Biomarkers and the price of innovation in rare diseases
Let’s talk about biomarkers. Biomarkers are molecules found in the body, usually identified in the bloodstream or urine, that are the telltale traces of internal processes unfolding deep in our organs and cells. Different levels of these usually harmless byproducts can be used to flag up occasions when a patients symptoms may be something worth investigating, or alternatively rule out a given condition. Classic examples are human chorionic gonadotrophin (HCG), which is the biomarker measured in pregnancy tests, or blood glucose, which can indicate diabetes.
A couple of years ago, an American teenager called Jack Andraka won a major youth science prize by developing a blood test for a pancreatic cancer biomarker he had identified, mesothelin. Although, to my knowledge, the story hasn’t really moved on since then, it has recently started cropping up all over my newsfeeds. While it is an exceptional piece of work for any teenager to be doing, there are a couple of reasons to be cautious in our enthusiasm.
In cancer, where specific cell types multiply and overactivate, we can see that some of the biomarkers associated with processes carried out by those particular cells are produced at much higher levels than normal. The problem, then, is that healthy people also produce these markers in varying levels. The presence of a biomarker doesn’t, by itself, indicate anything at all. To overcome this, tests only appear as positive if a certain, abnormal level is measured, indicated by the reference range, the range of levels that commonly occur in a healthy population.
Mesothelin, as any quick Google search will tell you, is a biomarker for a large number of cancers, including pancreatic. It can also be found at elevated levels in healthy people. So far, Jack appears to have done a proof of concept study - his technology is capable of detecting accurately the presence and absence of mesothelin in blood samples from mice, and it seems to extend as far as being able to detect the excess found in mice with pancreatic tumours. However, there are a couple of challenges, particularly in the case of pancreatic cancer, that seriously limit the likelihood of this technology ever being used for screening or early detection; the stated goal.
One of these is that the evidence just isn’t there yet. Forbes has a good article on what evidence is missing, and also breaks down some of the claims surrounding cost and time savings.
But say this test does turn out to be as sensitive as promised, even in real people? The problem is that sensitivity is only half the challenge. The greater challenge in rare diseases like pancreatic cancer is specificity - how well the test detects the absence of disease. The aim is for this test to detect people before they become symptomatic, but people could have elevated mesothelin levels in their urine for any number of reasons including reduced kidney function, which controls which molecules even make it into the urine. Previous studies evaluating mesothelin have found that it is elevated in pancreatic cancer, benign pancreatic tumours, ovarian cancer and mesothelioma - those are all bad, so maybe that’s ok. More concerningly, at least one study has found overlapping levels in serum between subjects who are healthy and those who have pancreatic cancer.
So it’s probably reasonable to assume that this test won’t be perfectly specific.
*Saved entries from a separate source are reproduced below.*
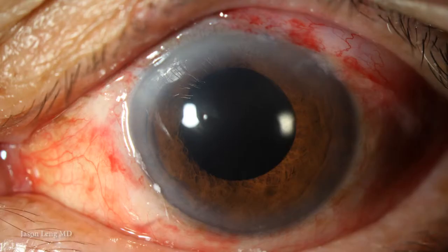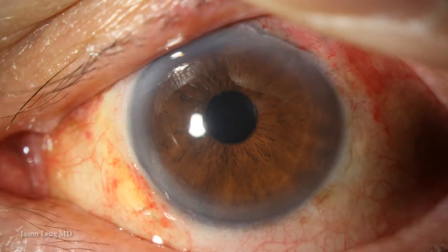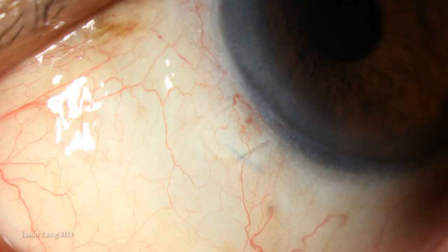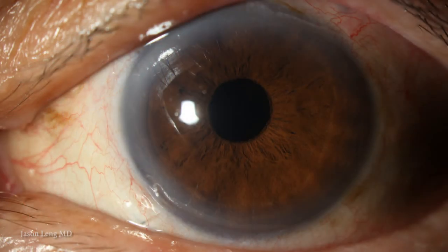Here's a photo of the patient on postop day one — he's comfortable and doing amazingly well, with 20/20 uncorrected vision. The cornea is clear, the lens looks very nicely centered, and the patient is happy. At one week and one month postop, the conjunctiva and sclera have healed very nicely. You can visualize where the haptic is tucked a few millimeters into the intrascleral pockets. Overall, the patient is very happy and comfortable with good visual acuity and a stable, well-positioned IOL.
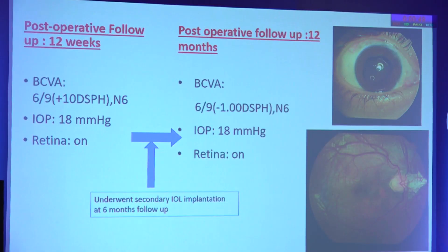This child underwent a secondary IOL implantation at 6 months of follow-up. Finally, at 12 months follow-up, he regained a vision of 6/9 N6 with a minus 1 diopter sphere correction and a pressure of 18 mmHg.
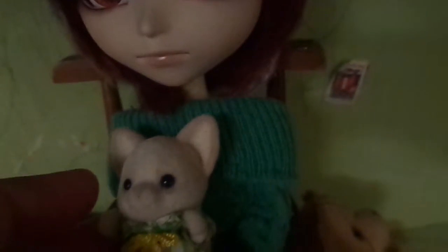I have mini food also for these. These are called Sylvanian Families, I believe. And there's Ryulan.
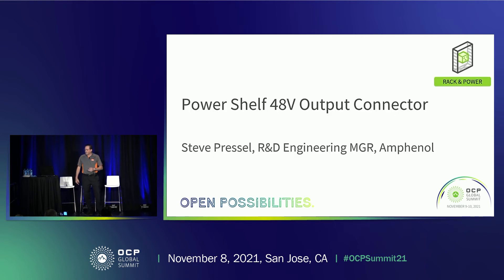Next I want to introduce Steve Pressel from Amphenol. He is going to take us through the PowerShelf output connector.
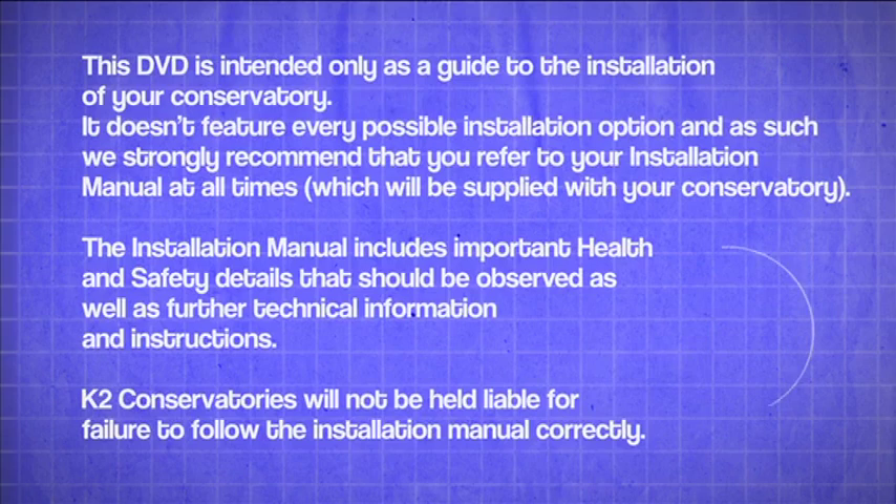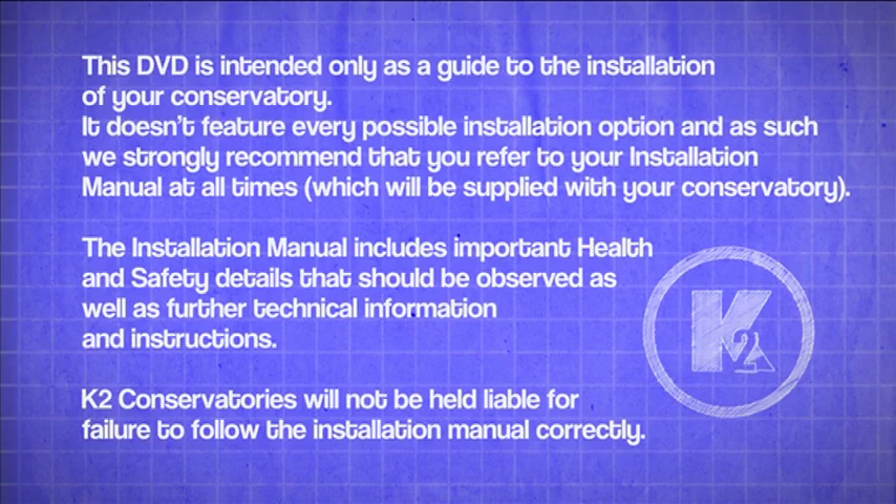This DVD is intended only as a guide to the installation of your conservatory. It doesn't feature every possible installation option, and as such, we strongly recommend that you refer to your installation manual at all times. It will be supplied with your conservatory.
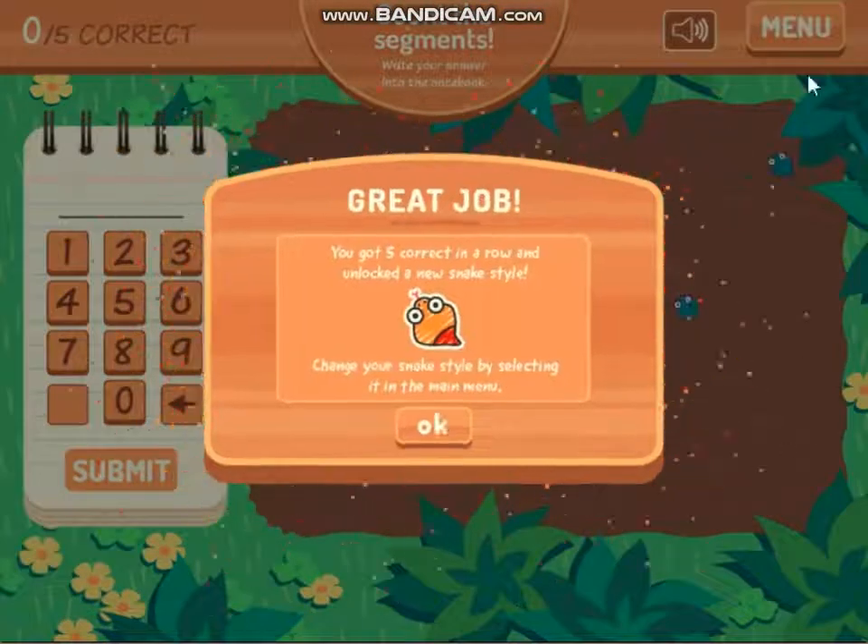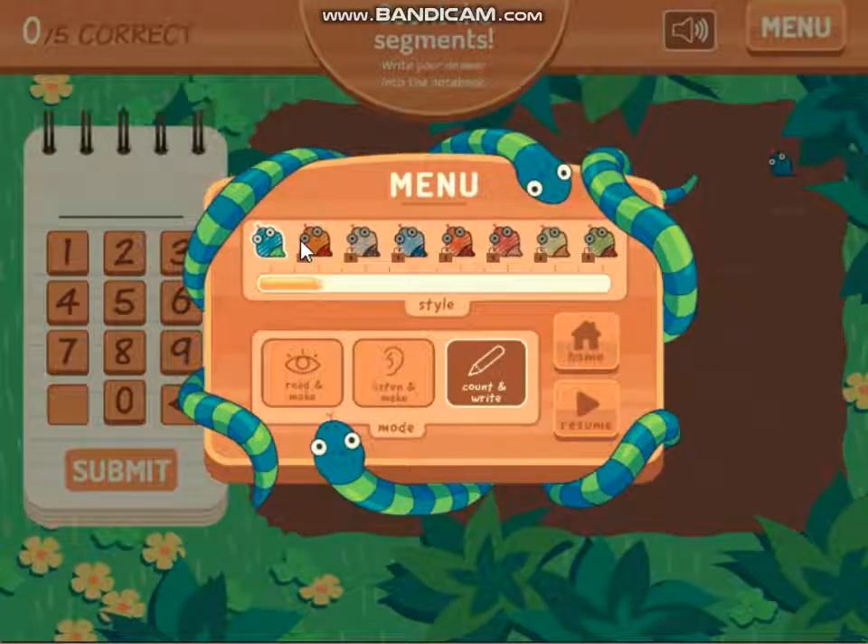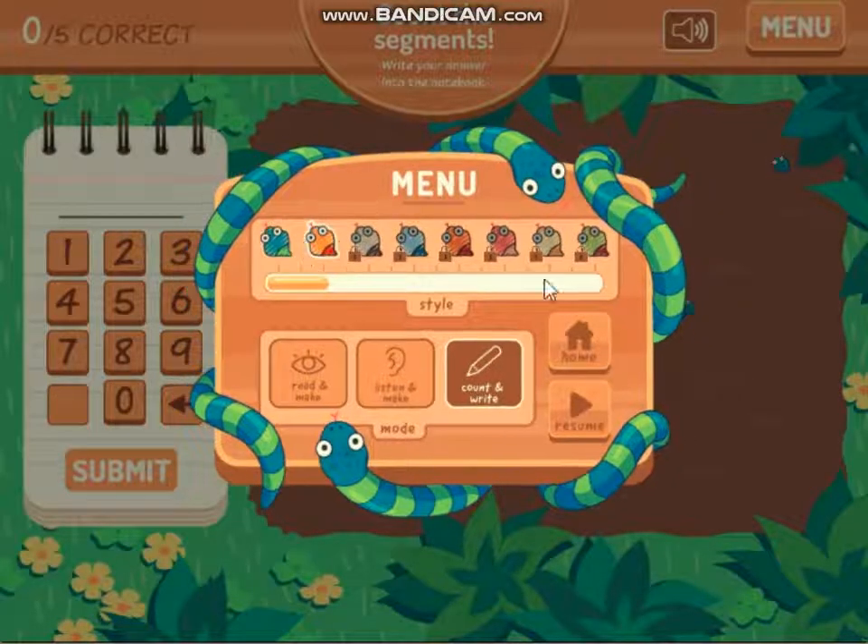You got five correct in a row and unlocked a new snake style. Change your snake style by selecting it in the main menu.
Let’s assume that for every 100 healthy people, the test wrongly assumes two of them have cancer. In 2012, 8900 new pancreatic cancer cases were diagnosed, and 96% are in the over-50s. If we screen everyone, taking the crude rate of 13.8 cases per 100,000, and apply it to the adult population of the UK of around 51 million, then we will detect around 7000 cases of cancer, assuming sensitivity is perfect and we catch everyone. However, from the remaining 50,993,000, we also end up with 1,019,860 false positives - healthy people who have elevated mesothelin levels for any number of other reasons, the majority of which are highly likely to be entirely harmless.
Even if people would rather take the risk of a false positive, with the associated stress, imaging and potentially even surgery, which of course carries its own risks, then the pressure on hospitals and oncology units of trying to identify who is actually sick would be catastrophic. It isn’t much of a stretch to think that the 1 patient in every 145 who is actually sick might be missed in the follow up, eliminating the value of the exercise entirely.
So this, then, is the challenge with trying to screen for cancers using biomarkers, and why screening is in fact becoming less common, not more. Perhaps the most worrying aspect of this development is the fact that Jack is reportedly hoping to launch an over-the-counter test, meaning that people would be able to show up to their doctor’s office with what looks like a positive test result for pancreatic cancer. What does the doctor do in that situation? The best case scenario is they triage based on likelihood, maybe suggest monitoring, or further investigation if the symptoms match up, with all the associated cost and burden on the system, in order to identify that rare patient who is actually ill. The worst case is that the patient believes, probably incorrectly, that they have pancreatic cancer. How do you live with that news, and what is the cost to that person’s mental health of having to live with that diagnosis, even if it is wrong? How does a doctor attempt to reassure someone, and minimise the number of invasive procedures carried out, each of which has a real risk of doing harm?
Innovation is a brilliant thing, and Jack Andraka is clearly a highly intelligent, driven person of the type that is likely to do a lot of good in the world. I absolutely applaud him. But I find the idea of an over-the-counter test for pancreatic cancer using a single biomarker genuinely frightening.